Essa seletividade não é nova. Antes mesmo dessa recomposição, a Folha tratava como consenso econômico aquilo que é, na verdade, disputa política. O jornal abria microfone para um único tipo de economista. Tudo orbitava o receituário liberal, como se o país coubesse inteiro nas planilhas de meia dúzia de vozes repetidas. Foi assim quando Armínio Fraga ganhou espaço generoso para defender o congelamento do salário mínimo por seis anos. Seis anos. Uma proposta que empurra a conta sempre para o pobre.

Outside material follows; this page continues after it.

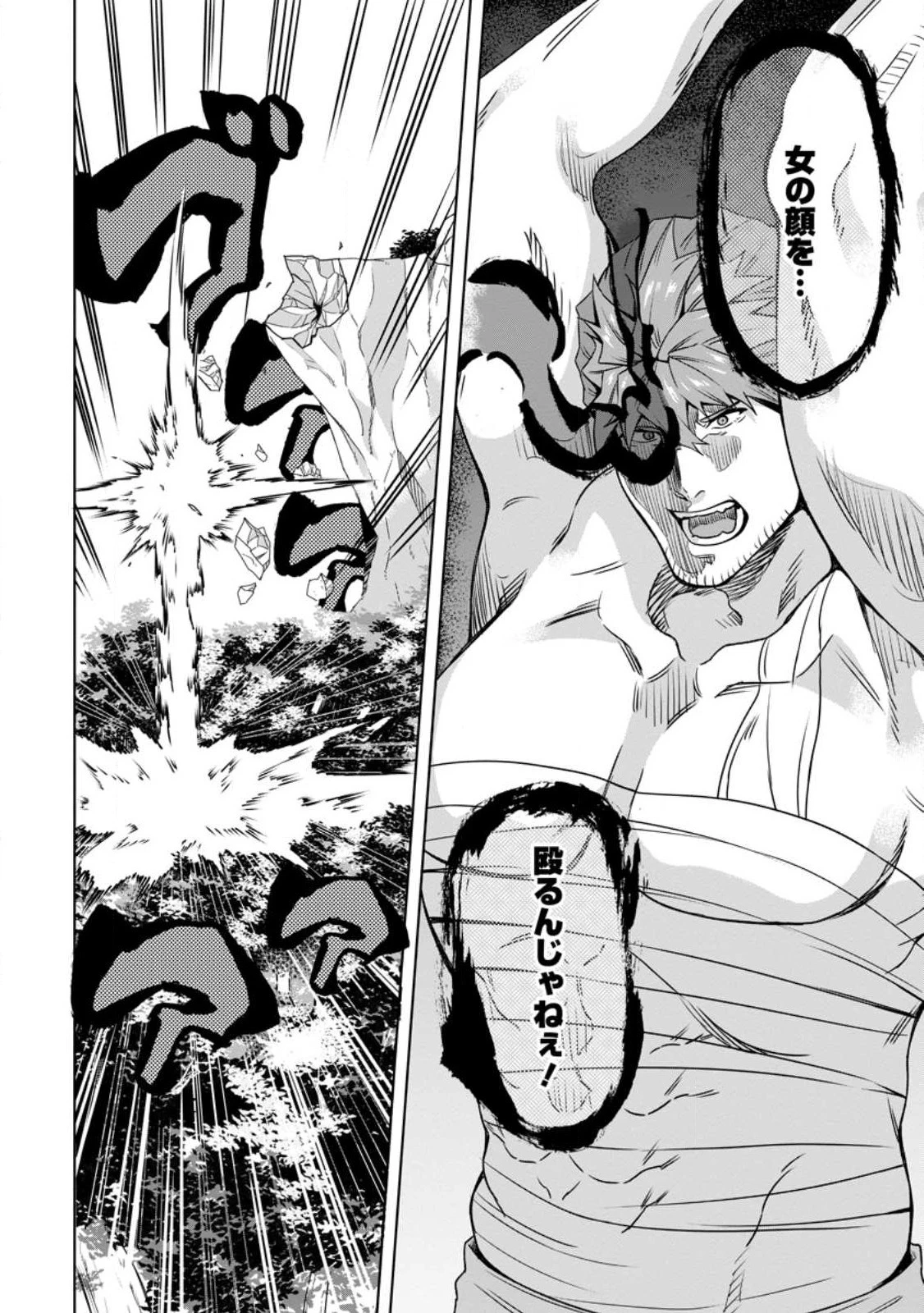 追放おっさん冒険者（37）…実はパーティメンバーにヤバいほど慕われていた 第5話 - 24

Naquele 15 de abril, escrevi na Rede Estação Democracia o artigo “Por que só o pobre tem que pagar a conta, Sr. Fraga?”. A Folha de São Paulo, porém, não demonstrou interesse em ouvir a crítica, nem em trazer para sua própria cobertura qualquer economista que desafiasse aquele dogma. Preferiu aplaudir. Preferiu tratar austeridade como ciência, não como escolha. Quando um jornal esquece o contraditório, o debate público desidrata.
A nova composição do conselho editorial tende a aprofundar essa miopia. Uma mesa dominada por representantes do sistema financeiro, da saúde privada, de think tanks liberais e de colunistas que compartilham a mesma moldura ideológica dificilmente produzirá oxigênio. Ela reforça um tom de voz único. Privatização vira modernidade. Reforma administrativa vira obrigação moral. Austeridade se traveste de responsabilidade. Defesa da saúde privada se apresenta como eficiência. Tudo muito elegante. Tudo muito previsível.
A ausência de movimentos sociais, pesquisadores de campo, lideranças populares e economistas que enxergam o país a partir do chão não é acidente. É escolha. E escolhas assim cobram seu preço. Quando só um tipo de país tem assento à mesa, o jornal começa a enxergar apenas uma fração da realidade. A crítica vira eco. A pluralidade, vitrine.
A Folha tem trajetória importante na defesa da democracia. Mas democracia não respira com uma única visão de mundo soprando o ar. Se o jornal deseja honrar seus 105 anos, precisa deslocar o olhar. Precisa abrir a porta para quem vive o Brasil que não aparece nos balanços trimestrais. Não por caridade. Por lucidez. Porque um país desigual não cabe no receituário de poucos, e um jornal que ignora isso deixa de iluminar o futuro e passa a repetir, incansável, o passado.
*Por Alexandre Cruz é jornalista político.